→ **EXERCISE BRIEF**
Write out, from the entries below, exactly the lines that run between the lines holding "Roze en Groene" and "Atletico Madrid Sleeveless", inclusive, and stop there.

→ **RECORDS PROVIDED**
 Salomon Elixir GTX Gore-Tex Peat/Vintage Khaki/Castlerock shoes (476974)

...

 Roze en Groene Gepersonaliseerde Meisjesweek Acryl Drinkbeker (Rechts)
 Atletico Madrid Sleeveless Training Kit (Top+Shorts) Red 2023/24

→ **EXPECTED ANSWER**
 Roze en Groene Gepersonaliseerde Meisjesweek Acryl Drinkbeker (Rechts)
 Atletico Madrid Sleeveless Training Kit (Top+Shorts) Red 2023/24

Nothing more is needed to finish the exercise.